Give the lines below again exactly, starting with the line that holds "A dining area" and going on through the line that holds "istock Stock trader".

*** Opening RECORDS PROVIDED ***

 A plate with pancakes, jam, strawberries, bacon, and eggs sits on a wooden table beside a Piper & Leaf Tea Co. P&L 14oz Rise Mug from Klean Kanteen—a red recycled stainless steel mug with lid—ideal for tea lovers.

*** Closing RECORDS PROVIDED ***
*** Opening RECORDS PROVIDED ***

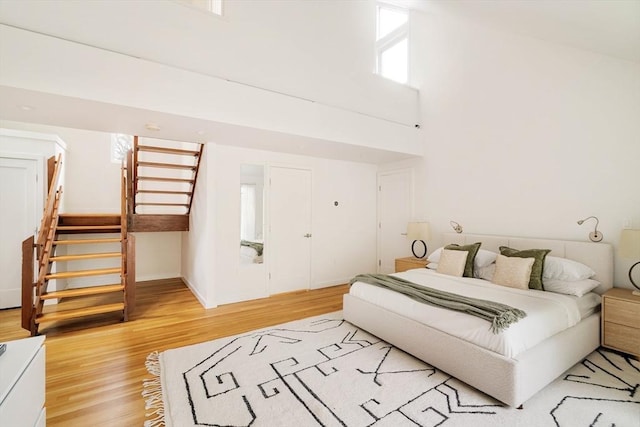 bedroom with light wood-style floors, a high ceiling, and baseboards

*** Closing RECORDS PROVIDED ***
*** Opening RECORDS PROVIDED ***

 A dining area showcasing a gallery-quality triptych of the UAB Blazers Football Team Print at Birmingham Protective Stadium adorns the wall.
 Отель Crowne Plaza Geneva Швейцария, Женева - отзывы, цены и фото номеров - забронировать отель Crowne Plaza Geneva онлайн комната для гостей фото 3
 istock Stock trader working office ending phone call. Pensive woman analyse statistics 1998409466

*** Closing RECORDS PROVIDED ***

■ **TASK SOLUTION**:
 A dining area showcasing a gallery-quality triptych of the UAB Blazers Football Team Print at Birmingham Protective Stadium adorns the wall.
 Отель Crowne Plaza Geneva Швейцария, Женева - отзывы, цены и фото номеров - забронировать отель Crowne Plaza Geneva онлайн комната для гостей фото 3
 istock Stock trader working office ending phone call. Pensive woman analyse statistics 1998409466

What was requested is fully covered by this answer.